El muchacho se ha puesto de rodillas y está suplicando que no vuelvan a llevarle con Navidad.

—Dadle un descanso —le dice a Richard— en una habitación en que no haya fantasmas. Ofrecedle comida. Cuando esté más tranquilo, tomadle una declaración formal, y que esté bien atestiguada antes de que él se vaya de aquí. Si resulta difícil, dejadlo con Christophe y el señor Wriothesley, es un asunto más adecuado para ellos que para vos.

Los Cromwell no se agotan en las tareas serviles; aunque lo hiciesen en tiempos, eso ha quedado ya atrás.
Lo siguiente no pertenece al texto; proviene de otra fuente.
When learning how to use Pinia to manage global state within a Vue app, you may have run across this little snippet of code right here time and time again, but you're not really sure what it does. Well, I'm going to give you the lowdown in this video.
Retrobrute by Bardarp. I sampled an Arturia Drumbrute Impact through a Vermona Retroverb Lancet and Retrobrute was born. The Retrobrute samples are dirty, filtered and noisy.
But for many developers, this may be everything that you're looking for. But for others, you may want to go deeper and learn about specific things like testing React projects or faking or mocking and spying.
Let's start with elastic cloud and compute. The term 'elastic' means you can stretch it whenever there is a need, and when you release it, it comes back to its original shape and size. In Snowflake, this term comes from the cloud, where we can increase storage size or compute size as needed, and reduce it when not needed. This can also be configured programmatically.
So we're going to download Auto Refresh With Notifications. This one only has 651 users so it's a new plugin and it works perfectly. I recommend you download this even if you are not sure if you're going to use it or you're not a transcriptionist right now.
—Si Mark intenta volverse atrás una vez fuera de aquí —dice él—, ya sabrán qué hacer con él en la Torre. Después de que tengáis su confesión segura, y todos los nombres que necesitáis, id a ver al rey a Greenwich. Él os estará esperando. No confiéis el mensaje a nadie. Decídselo vos mismo al oído.
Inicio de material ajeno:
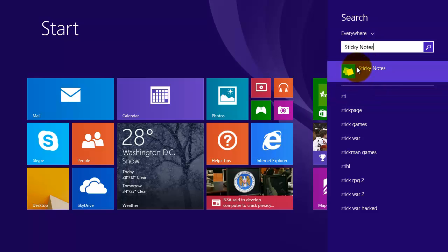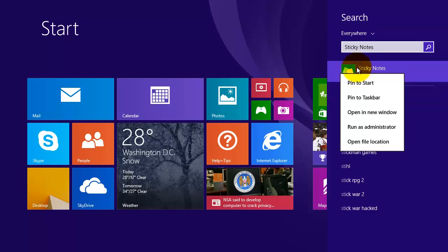Right click on sticky notes and from the menu click on pin to start.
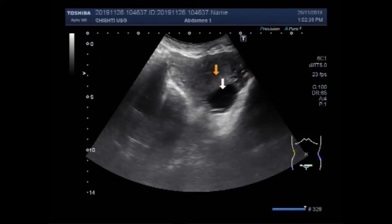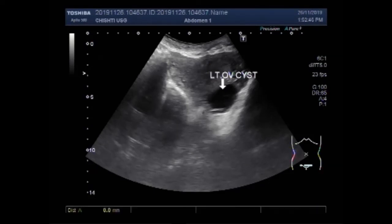This is the left ovarian cyst and it measures about 3.3 cm by 2.3 cm.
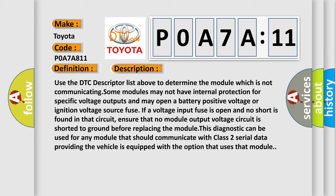Use the DTC descriptor list above to determine the module which is not communicating. Some modules may not have internal protection for specific voltage outputs and may open a battery positive voltage or ignition voltage source fuse. If a voltage input fuse is open and no short is found in that circuit, ensure that no module output voltage circuit is shorted to ground before replacing the module. This diagnostic can be used for any module that should communicate with Class 2 serial data, providing the vehicle is equipped with the option that uses that module.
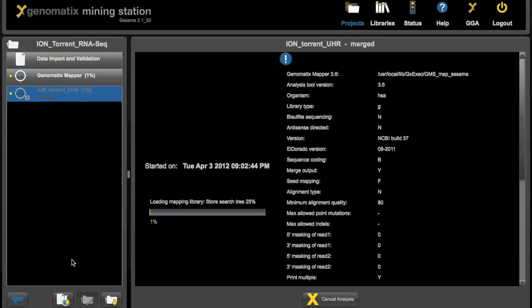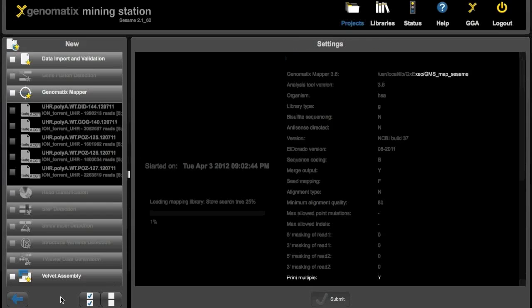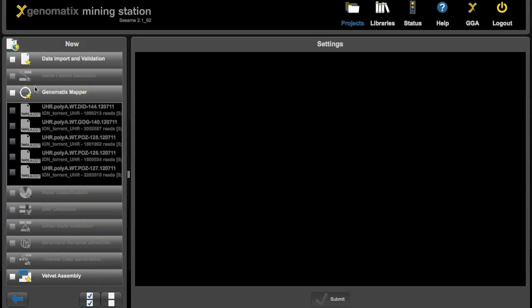So while this is running, we can just start a second analysis using human brain reference files.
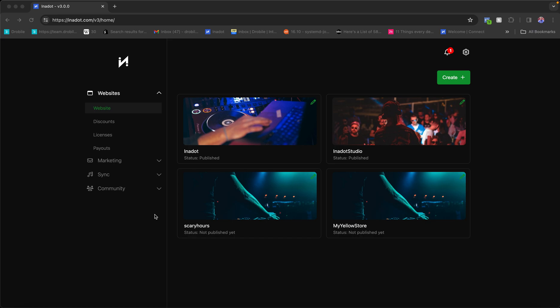Hey, welcome back guys! As promised, here is the in-depth video tutorial all about the new web builder — exactly how it works, what each component means, how you can use it, and some tips and tricks along the way. I will be showing everything involved in the web builder in this video, and I'll also be creating sub-videos that go into each component.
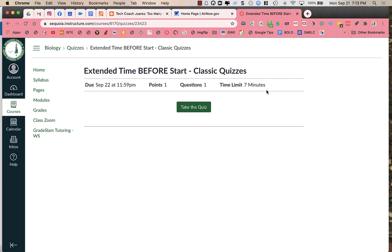So it does not notify the student that they're getting extra time. But they are because the quiz you set was only for two minutes, and you gave this student five extra minutes. So it's not apparent to the student that they're getting extra time, but they actually indeed are.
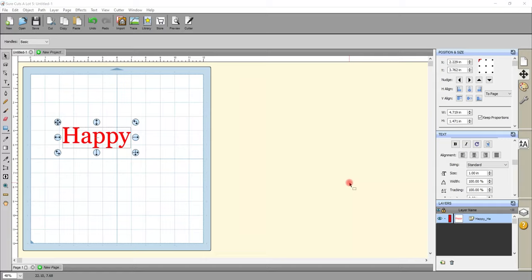Hi my lovelies, I hope you're all well. Today we've got another Sure Cuts A Lot tutorial, and this is a full tutorial - it's not just Sure Cuts A Lot. I'm going to show you how we actually make our rhinestone stencil and put our rhinestones on as well. We're using hotfix rhinestones and we're going to create rhinestone stencils. We're going to do three different ways: text, a basic shape from the library, and bringing an SVG in.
Richard hace ponerse de pie a Mark Smeaton, manejándolo como se podría manejar un títere: y sin más voluntad que la que podría tener una marioneta. Cruza de pronto su pensamiento la imagen del viejo obispo Fisher subiendo con paso vacilante al cadalso, esquelético y terco.

Son ya las nueve de la mañana. El rocío del 1 de mayo se ha esfumado de la hierba. Se cortan en los bosques ramas verdes por toda Inglaterra. Él tiene hambre. Podría comerse un trozo de carne de carnero: con hinojo marino, si hubiesen mandado algo de Kent. Tiene que sentarse para el barbero. No ha perfeccionado el arte de dictar cartas mientras lo afeitan. Tal vez me deje crecer la barba, piensa. Ahorraría tiempo. Sólo que entonces, Hans insistiría en perpetrar contra mí otro retrato.

En Greenwich a esa hora estarán esparciendo arena en el palenque. Christophe dice: «¿Combatirá hoy el rey? ¿Se enfrentará al señor Norris y lo matará?».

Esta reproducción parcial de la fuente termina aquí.